For this joint bas + sc case, you will see the following sequence:
a BAS fusion predict step on the bas pixel test dataset using your specified package and params
a bas pixel evaluation step
a run tracker step to turn the bas pixel heatmaps into polygons
a run metrics framework step that evaluates the bas polygon predictions
a coco-align step that crops the high res data using the polygons output by bas-poly
a SC fusion predict step that is run on the output of the cropped high res dataset
a pixel evaluation on the SC pixel predictions
a tracker step to convert the SC heatmaps to polygons
a run metrics step to evaluate the SC polygons
You will also set a “network text” graph that shows the dependencies between these steps.
Note: the exact order might shift as long as all dependencies needed by a step have been met.
Troubleshooting¶
The most basic way to debug a failure is to switch to serial mode, but there are also efficient ways to do this with the tmux backend.
When a tmux pipeline fails, there are several ways you can debug.
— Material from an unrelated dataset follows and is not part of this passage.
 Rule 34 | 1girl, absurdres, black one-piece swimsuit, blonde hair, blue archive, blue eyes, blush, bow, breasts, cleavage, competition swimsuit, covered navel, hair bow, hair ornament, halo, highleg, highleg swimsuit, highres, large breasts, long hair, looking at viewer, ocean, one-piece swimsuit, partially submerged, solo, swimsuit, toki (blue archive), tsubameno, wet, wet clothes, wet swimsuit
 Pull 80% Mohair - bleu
You can
tmux a
to attach to an existing tmux sessions and then <ctrl-b>
followed by s
to view all sessions interactively. Navigate to the failed
session and look at the logs.
If a run failed and you just want to get rid of all of the cmd-queue tmux sessions use the cmd-queue CLI as such:
cmd_queue cleanup
which will exit all the tmux sessions cmd_queu started.